* _HOW TO COMPLETE THIS TASK_: Nothing in the records may be changed; reproduce all of them.

[Data extracted from a collection]
BEGIN

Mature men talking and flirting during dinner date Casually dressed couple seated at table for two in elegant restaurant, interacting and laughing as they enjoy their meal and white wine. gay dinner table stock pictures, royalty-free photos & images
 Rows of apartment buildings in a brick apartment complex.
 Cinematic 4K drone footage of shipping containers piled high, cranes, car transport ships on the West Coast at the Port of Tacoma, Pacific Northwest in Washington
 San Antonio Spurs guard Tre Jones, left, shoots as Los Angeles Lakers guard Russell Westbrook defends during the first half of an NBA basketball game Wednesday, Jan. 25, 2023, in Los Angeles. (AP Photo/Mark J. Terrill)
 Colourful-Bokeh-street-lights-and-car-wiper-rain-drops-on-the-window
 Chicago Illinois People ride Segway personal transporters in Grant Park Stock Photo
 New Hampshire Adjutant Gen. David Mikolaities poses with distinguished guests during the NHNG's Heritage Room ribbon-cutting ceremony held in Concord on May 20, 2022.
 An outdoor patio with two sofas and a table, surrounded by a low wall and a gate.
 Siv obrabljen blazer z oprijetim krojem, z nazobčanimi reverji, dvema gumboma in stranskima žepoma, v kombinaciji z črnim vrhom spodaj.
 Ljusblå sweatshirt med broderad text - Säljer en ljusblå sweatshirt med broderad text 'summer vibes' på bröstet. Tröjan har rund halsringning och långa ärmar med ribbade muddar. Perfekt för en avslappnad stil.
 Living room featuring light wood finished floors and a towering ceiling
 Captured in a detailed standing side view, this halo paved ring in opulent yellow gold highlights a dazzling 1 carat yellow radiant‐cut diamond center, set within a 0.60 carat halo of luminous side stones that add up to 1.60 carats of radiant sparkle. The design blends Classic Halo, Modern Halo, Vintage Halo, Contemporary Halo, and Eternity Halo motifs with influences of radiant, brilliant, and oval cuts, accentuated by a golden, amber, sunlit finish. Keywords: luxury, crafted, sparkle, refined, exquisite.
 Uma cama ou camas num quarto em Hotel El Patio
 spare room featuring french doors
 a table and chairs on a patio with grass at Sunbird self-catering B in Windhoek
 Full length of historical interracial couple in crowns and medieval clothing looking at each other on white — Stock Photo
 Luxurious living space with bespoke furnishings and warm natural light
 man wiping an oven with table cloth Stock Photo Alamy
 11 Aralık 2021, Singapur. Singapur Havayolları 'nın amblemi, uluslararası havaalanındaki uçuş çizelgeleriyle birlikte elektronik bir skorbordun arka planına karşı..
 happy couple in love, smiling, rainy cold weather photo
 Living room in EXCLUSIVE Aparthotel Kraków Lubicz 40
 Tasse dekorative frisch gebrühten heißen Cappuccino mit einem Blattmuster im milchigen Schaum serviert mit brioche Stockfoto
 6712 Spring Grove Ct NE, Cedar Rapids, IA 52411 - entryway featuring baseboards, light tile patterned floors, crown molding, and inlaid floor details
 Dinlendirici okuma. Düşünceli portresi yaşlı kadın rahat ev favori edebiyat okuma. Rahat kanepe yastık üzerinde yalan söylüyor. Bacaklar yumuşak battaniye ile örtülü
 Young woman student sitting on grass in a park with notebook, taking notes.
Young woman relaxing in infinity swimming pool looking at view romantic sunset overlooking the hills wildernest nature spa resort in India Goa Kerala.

END

* _COMPLETED EXERCISE_:
Mature men talking and flirting during dinner date Casually dressed couple seated at table for two in elegant restaurant, interacting and laughing as they enjoy their meal and white wine. gay dinner table stock pictures, royalty-free photos & images
 Rows of apartment buildings in a brick apartment complex.
 Cinematic 4K drone footage of shipping containers piled high, cranes, car transport ships on the West Coast at the Port of Tacoma, Pacific Northwest in Washington
 San Antonio Spurs guard Tre Jones, left, shoots as Los Angeles Lakers guard Russell Westbrook defends during the first half of an NBA basketball game Wednesday, Jan. 25, 2023, in Los Angeles. (AP Photo/Mark J. Terrill)
 Colourful-Bokeh-street-lights-and-car-wiper-rain-drops-on-the-window
 Chicago Illinois People ride Segway personal transporters in Grant Park Stock Photo
 New Hampshire Adjutant Gen. David Mikolaities poses with distinguished guests during the NHNG's Heritage Room ribbon-cutting ceremony held in Concord on May 20, 2022.
 An outdoor patio with two sofas and a table, surrounded by a low wall and a gate.
 Siv obrabljen blazer z oprijetim krojem, z nazobčanimi reverji, dvema gumboma in stranskima žepoma, v kombinaciji z črnim vrhom spodaj.
 Ljusblå sweatshirt med broderad text - Säljer en ljusblå sweatshirt med broderad text 'summer vibes' på bröstet. Tröjan har rund halsringning och långa ärmar med ribbade muddar. Perfekt för en avslappnad stil.
 Living room featuring light wood finished floors and a towering ceiling
 Captured in a detailed standing side view, this halo paved ring in opulent yellow gold highlights a dazzling 1 carat yellow radiant‐cut diamond center, set within a 0.60 carat halo of luminous side stones that add up to 1.60 carats of radiant sparkle. The design blends Classic Halo, Modern Halo, Vintage Halo, Contemporary Halo, and Eternity Halo motifs with influences of radiant, brilliant, and oval cuts, accentuated by a golden, amber, sunlit finish. Keywords: luxury, crafted, sparkle, refined, exquisite.
 Uma cama ou camas num quarto em Hotel El Patio
 spare room featuring french doors
 a table and chairs on a patio with grass at Sunbird self-catering B in Windhoek
 Full length of historical interracial couple in crowns and medieval clothing looking at each other on white — Stock Photo
 Luxurious living space with bespoke furnishings and warm natural light
 man wiping an oven with table cloth Stock Photo Alamy
 11 Aralık 2021, Singapur. Singapur Havayolları 'nın amblemi, uluslararası havaalanındaki uçuş çizelgeleriyle birlikte elektronik bir skorbordun arka planına karşı..
 happy couple in love, smiling, rainy cold weather photo
 Living room in EXCLUSIVE Aparthotel Kraków Lubicz 40
 Tasse dekorative frisch gebrühten heißen Cappuccino mit einem Blattmuster im milchigen Schaum serviert mit brioche Stockfoto
 6712 Spring Grove Ct NE, Cedar Rapids, IA 52411 - entryway featuring baseboards, light tile patterned floors, crown molding, and inlaid floor details
 Dinlendirici okuma. Düşünceli portresi yaşlı kadın rahat ev favori edebiyat okuma. Rahat kanepe yastık üzerinde yalan söylüyor. Bacaklar yumuşak battaniye ile örtülü
 Young woman student sitting on grass in a park with notebook, taking notes.
Young woman relaxing in infinity swimming pool looking at view romantic sunset overlooking the hills wildernest nature spa resort in India Goa Kerala.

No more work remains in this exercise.